Abraham Lincoln's abilities as a writer probably would have earned him a place in history even without his accomplishments as a statesman. He is surely the best writer that has ever occupied the Oval Office. Capable of expressing complex ideas with remarkable economy, he had a deft hand with allusions and was responsible for many evocative turns of phrase that resonate far outside the political context of their time, “The better angels of our nature” or “The dogmas of the quiet past.” Hell, simply opting for “Four score and seven” over “eighty-seven” reveals a writer’s ear for the musical potential of language.
It's a fitting tribute then, that the most prominent film about the sixteenth president, Steven Spielberg’s Lincoln, with a screenplay by Pulitzer prize winning playwright Tony Kushner, exudes that same love of language. There’s scarcely a scene without some memorable linguistic spin. There's much to admire in Spielberg’s film from the beautifully worn production design to the momentous performances, but the real reason I’ve returned to it repeatedly since 2012 is simply because the characters are such fun to listen to. All of the film’s dramatic peaks involve the spectacle of verbal fireworks, particularly my favorite scene, where Tommy Lee Jones blasts his way out of a political trap firing off ornately worded insults like cannonballs...
Scene: Equal Before The Law
As the crucial vote on the amendment to end slavery nears, Thaddeus Stevens’ opponents try to hoist the great abolitionist by his unwavering moral rectitude. The idea is to goad him into affirming his belief in racial equality in front of the assembled press in the hopes that what was seen as his radicalism would derail ratification. Stevens comes right up to the brink of playing into their hands, but finds a clever last-second escape hatch, when he denies equality, not because of the inferiority of one race, but because the anti-abolitionists before him are so loathsome. It’s at this point that Kushner’s words are too good not to quote in full:
How can I hold that all men are created equal when here before me stands, stinking, the moral carcass of the gentleman from Ohio? Proof that some men are inferior, endowed by their maker with dim wits, impermeable to reason, with cold, pallid slime in their veins instead of hot, red blood. You are more reptile than man, George, so low and flat that the foot of man is incapable of crushing you!
The foot of man!
A lesser movie would use Stevens merely as an obstacle for the president, but in this scene Kushner and Spielberg effectively raise Thaddeus Stevens to his rightful historical stature alongside Lincoln. The screenplay presents the Lincoln/Stevens relationship as a balanced equation. Neither could have succeeded without the other. Just as Stevens’ hero moment is his “equal before the law” compromise, Daniel Day-Lewis's Lincoln gets a matching scene when “the compromising capitulator”, as the abolitionists scorn him, digs in his heels and refuses to compromise one more inch, venting his majestic frustration in his thunderous “Now!

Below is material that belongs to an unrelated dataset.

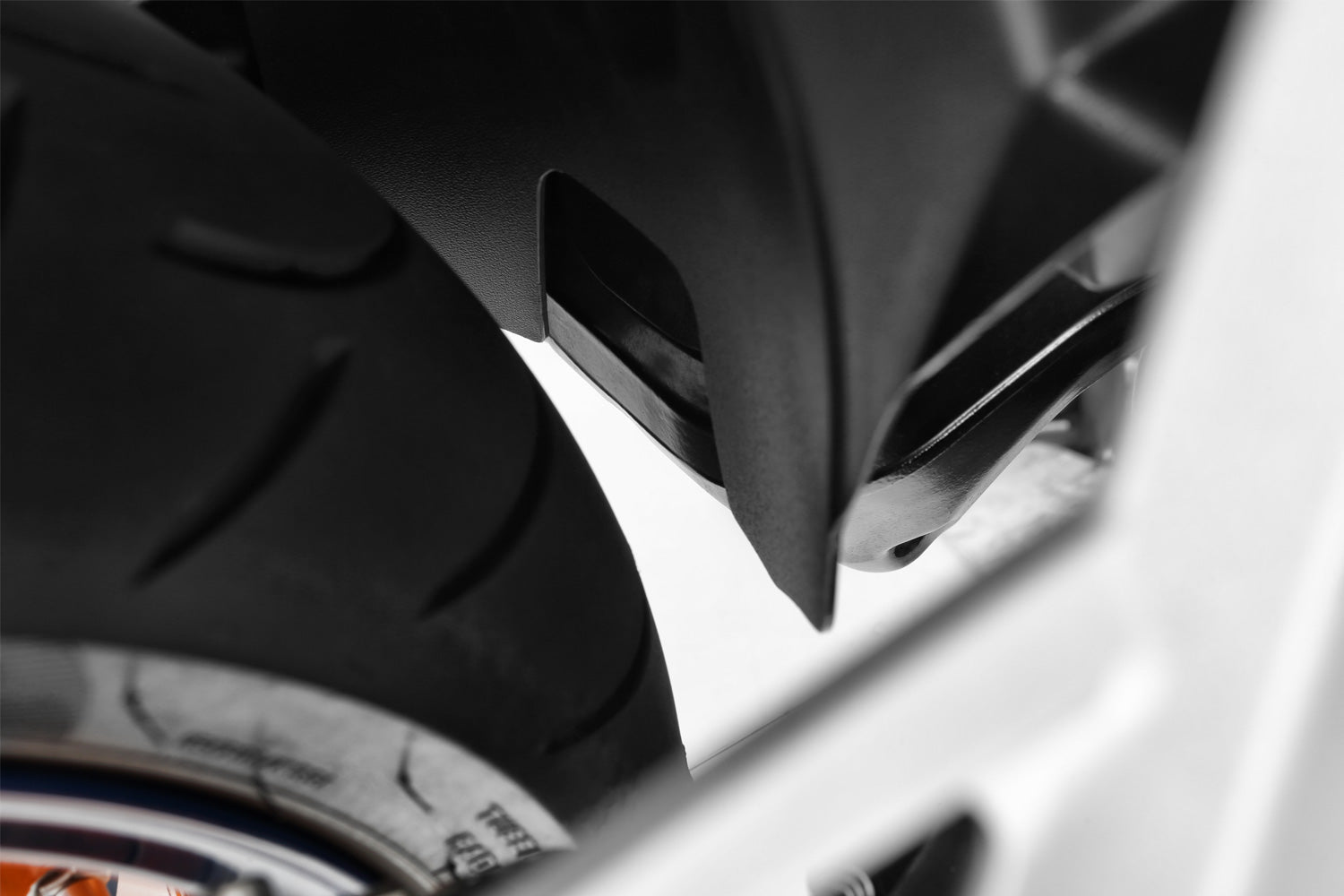 This splash guard protects the shock, along with shock mounts, swing arm, collector pipes and rear of the gearbox of the R 1200 RS LC.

Now! Now!” monologue.
To complicate things further, although the film argues unequivocally for the rightness of Stevens’ strategic compromise, it is careful to note the pain this retreat inflicts – both on Stevens’ fellow abolitionists and, most pointedly, the African Americans in attendance. Words matter.
One of my favorite of the film's touches is the rowdiness of the Congressmen themselves. The events of Lincoln are less than a decade removed from the incident where an abolitionist speech resulted in one congressman beating another half-to-death with a cane, and it feels like it. The shameless hamminess of their period specific oratorical techniques are endlessly amusing. Their theatricality is pitched at a level that would be at home in a production of Oedipus, with Lee Pace’s dramatic hand gestures a particular joy. Peter McRobbbie’s epically drawn out “How dare yooouuuu!” in response to Jones’ onslaught is priceless.
What’s quietly amazing about this scene - aside from the fact Tommy Lee Jones’ rollicking performance is outright stealing the film from the greatest actor alive - is that it’s celebrating a politician for using slippery wordplay to avoid taking a stand, exactly the kind of behavior you would expect to see excoriated in a Portrait of a Great Man movie. In the expected version of this story, Lincoln speaks and the power of his moral argument parts the political waters. Spielberg's version of history asks if maybe the heroes are not the leaders who rise above such tactics, but are instead the ones who use these base methods for a greater good? Do we judge our leaders by their righteousness or by their accomplishments? Much thornier questions than we might have anticipated from Lincoln based on it's safe prestige packaging.